Bei einer Umfrage der Uni Leipzig wurden 14- bis 94jährige Menschen zu ihren Gewohnheiten bezüglich Körperveränderungen wie Enthaarung, Tattoos und Piercings befragt. Dabei kam erstaunliches ans Licht.

In den Siebzigern gab es einen Science-Fiction Roman: »Das Geheimnis des Mandelplaneten« von Françoise d’Eaubonne: Im 21. Jahrhundert erkundet eine Expedition kühner Frauen einen fremden Planeten. Was müssen sie sich plagen zwischen Gestrüpp und umwaldeten Erhebungen. Der geheimnisvolle Mandelplanet besitzt die Form eines üppig behaarten Mannes. Heute wäre eine derartige Fantasie undenkbar, aalglatte Babyhaut ist gefragt.

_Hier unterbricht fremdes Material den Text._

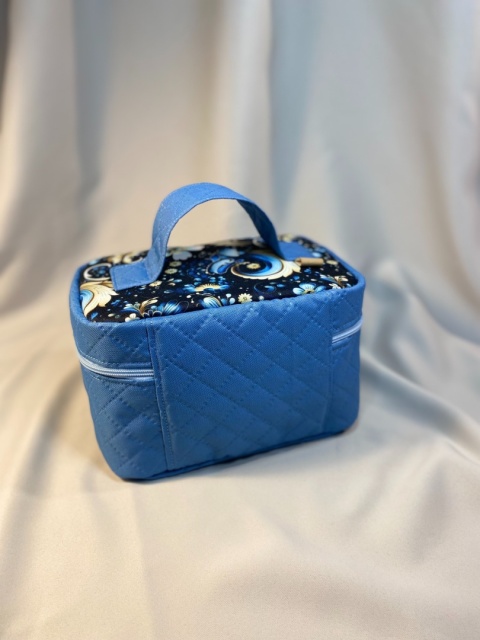 Kosmetyczka zimowe kwiaty i błękit rozmiar M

Nach einer Umfrage der Universität Leipzig unter Prof. Dr. Elmar Brähler in diesem Sommer wurden 14- bis 94jährige Menschen in Deutschland nach ihren Gewohnheiten zu Körperveränderungen wie Enthaarung, Tattoos und Piercings befragt. Demnach rasieren über 80 Prozent der unter 25jährigen Frauen ihre Achselhöhlen und Beine regelmäßig, zwei Drittel aller Männer und Frauen in dieser Altersgruppe halten auch ihre Genitalregion haarwuchsfrei. Mit zunehmendem Alter werden nur noch die für alle sichtbaren Regionen wie Beine von Haaren befreit.

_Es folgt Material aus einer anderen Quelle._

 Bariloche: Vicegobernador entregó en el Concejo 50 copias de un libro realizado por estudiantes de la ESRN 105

Hygiene und das eigene Schönheitsideal werden von den Befragten als Hauptgrund angeführt, doch immerhin vier Prozent geben an, dass die Intimrasur erwartet wird, auch Wunsch des Partners, der Partnerin, sei. Ein Viertel der Männer geben zu, dass sie beim Sex eine haarfreie Scham bevorzugen. In verschiedenen Internetforen werden häufig orale Sexpraktiken als Grund für die Intimrasur angegeben. Haare im Mund sind für viele ein Gräuel, aber kratzende Stoppeln möchte auch niemand haben. Das setzt unentwegtes Rasieren oder schmerzhafte Haarentfernung voraus.

Je ein Junge und ein Mädchen präsentieren sich nackt in jeder Ausgabe der Jugendzeitschrift Bravo. Sie geben Vorbilder ab für die eher jüngeren LeserInnnen, die mit der Intimrasur als gängigem Muss konfrontiert werden. Die Angst, diskriminiert zu werden, wenn der Rasurpflicht nicht umfassend nachgekommen wird, macht es vielen unmöglich, ihre Haare ungeniert wachsen zu lassen. Wenn wegen Hautirritationen die Rasur nur schwer durchführbar ist, leiden viele Junge darunter und vermeiden ärmellose Tops und Freibäder.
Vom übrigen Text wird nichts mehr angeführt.